The optimum age for cochlear implantation in children

A study funded by Deafness Research UK, and carried out by Dr Margaret Tait at The Ear Foundation in Nottingham, investigated whether the age of implantation affects how children progress.

[Project grant, 2004-2007]

Before young deaf children are given a cochlear implant, their communication tends to be mainly visual and silent. After implantation they are expected to become more vocal and to make more use of audition.

The original aim of the study was to compare three groups of children, implanted at the age of one, at the age of two and at the age of three, to see what progress they made in auditory processing of speech and to see if this changed the way they communicated.

The children were each videoed with a familiar adult, to see how often they responded vocally when they had not been in eye contact with the adult. A child who responds vocally to the adult in this way without being prompted visually, is making an auditory response as well as a vocal one.

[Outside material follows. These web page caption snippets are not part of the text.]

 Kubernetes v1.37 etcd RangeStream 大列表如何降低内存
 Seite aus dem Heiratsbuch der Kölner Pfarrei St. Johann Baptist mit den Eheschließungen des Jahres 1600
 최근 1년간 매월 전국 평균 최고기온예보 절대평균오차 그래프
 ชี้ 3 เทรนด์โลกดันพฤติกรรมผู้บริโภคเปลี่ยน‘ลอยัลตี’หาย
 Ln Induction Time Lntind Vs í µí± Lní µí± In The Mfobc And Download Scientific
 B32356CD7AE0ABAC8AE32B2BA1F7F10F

Before implantation, there was very little of this auditory behaviour in any of the three groups. However, by 12 months after implantation, the group implanted at one were making auditory responses most of the time, whereas those implanted at two and three had shown very little change; this difference was highly significant.

Early implantation also influenced the way they communicated. Before implantation around 80% of all the three groups were using signed communication rather than vocalisations. Twelve months after implantation, the groups implanted at two and three had shown very little change, whereas of the group implanted at one, only 15% were still using signed communication, with the majority having moved to oral communication.

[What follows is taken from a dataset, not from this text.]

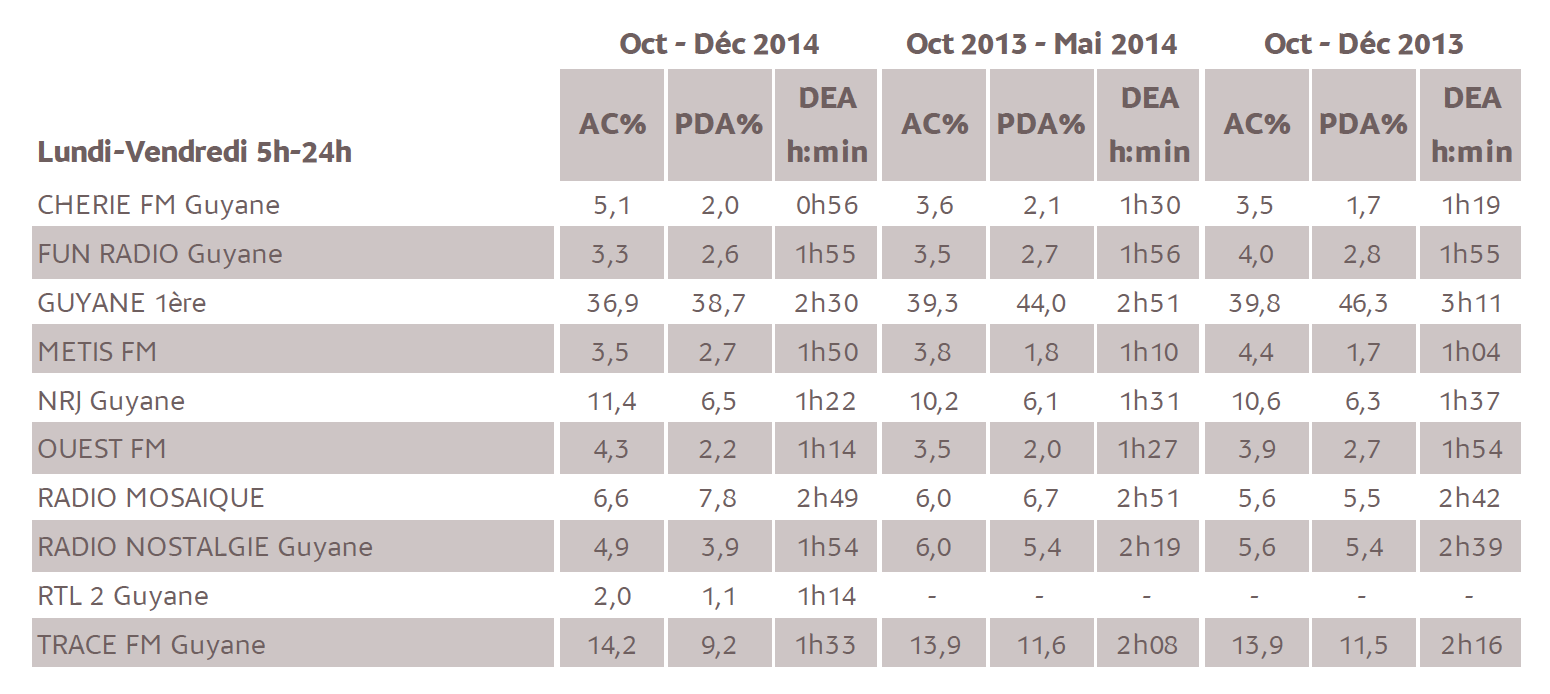 Source : Médiamétrie - Métridom Guyane – Vague Octobre-Décembre 2014 - 13 ans et plus - Copyright Médiamétrie - Tous droits réservés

The study was extended to a younger age-group and a comparison was made between two groups of children, the first implanted under the age of 12 months, and the second consisting of age-matched normally hearing children. The results of this video analysis showed no significant differences between the deaf group and the normally hearing group where vocal initiative and non-looking vocal turns were concerned, both at the 6 month and 12 month intervals.

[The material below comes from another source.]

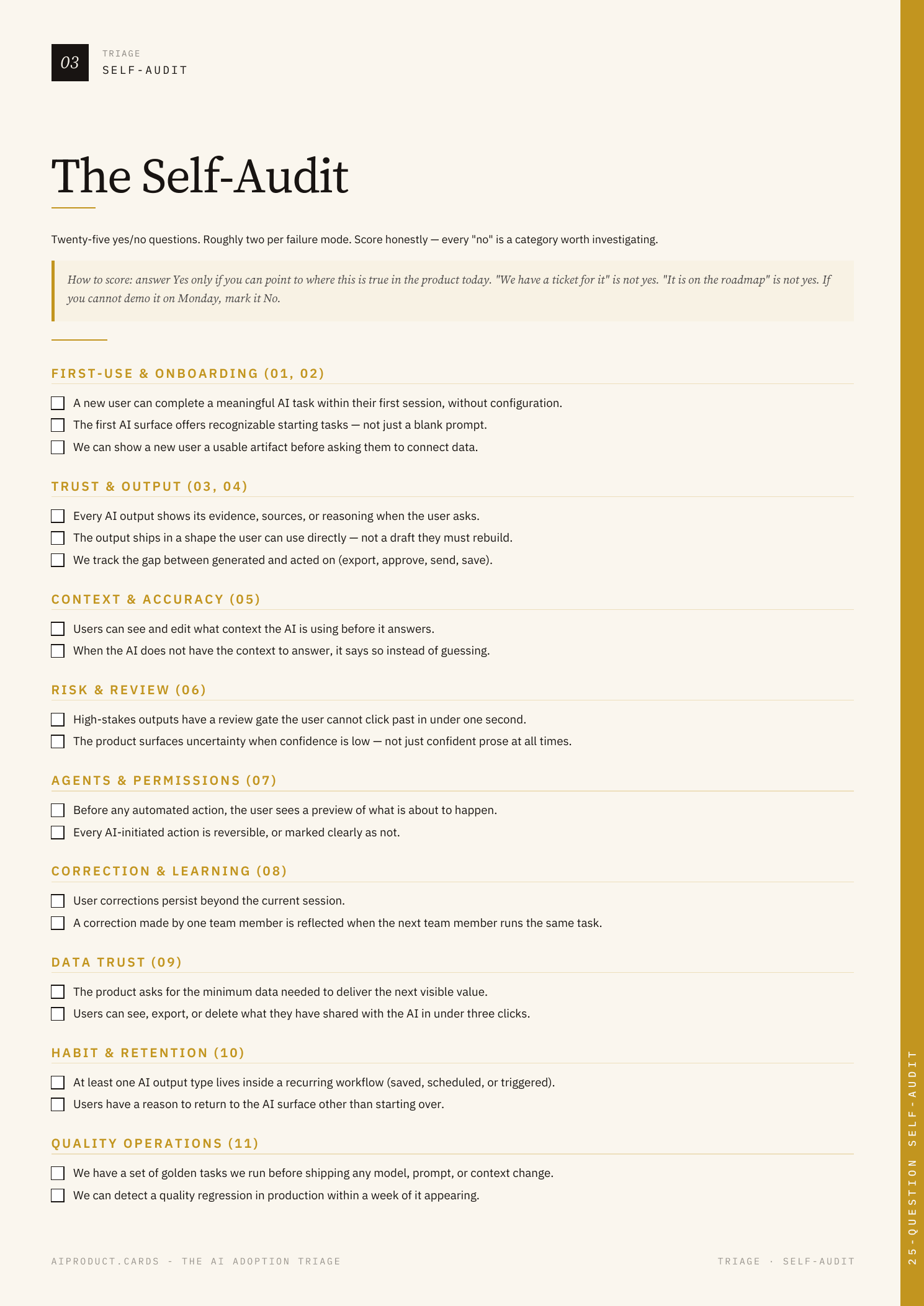 25-Question Self-Audit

These results suggest that implantation under the age of 12 months gives children the opportunity to develop early preverbal vocal and auditory skills to an extent comparable with those of normally hearing children.

The results add decisively to a growing body of evidence that early intervention is strongly beneficial. The analysis method has been extended down to the youngest viable age group and has shown, in the case of cochlear implantation, that early implantation leads to pre-verbal communication skills that are near normal in several important respects. This is an important demonstration for several constituencies: parents, teachers, audiologists, and commissioners of health care.

Update

Since the study The Ear Foundation has incorporated the results into training courses on Tait Video Analysis of young deaf children’s progress. The results have also been used in a set of procedures known as NEAP (the Nottingham Early Assessment Package). NEAP is designed to assess communication and linguistic development in infants and is widely used in cochlear implant programmes and in other work with deaf children.

Results were published in the paper ‘Age at implantation and development of vocal and auditory preverbal skills in implanted deaf children’, which appeared in the International Journal of Pediatric Otorhinolaryngolgy in April 2007, by the authors Tait ME, Nikolopoulos TP and Lutman ME. 

Dr Tait is currently conducting a study to compare the pre-verbal communication skills of children with two cochlear implants to children of the same age who have just one
These results suggest that implantation under the age of 12 months gives children the opportunity to develop early preverbal vocal and auditory skills to an extent comparable with those of normally hearing children.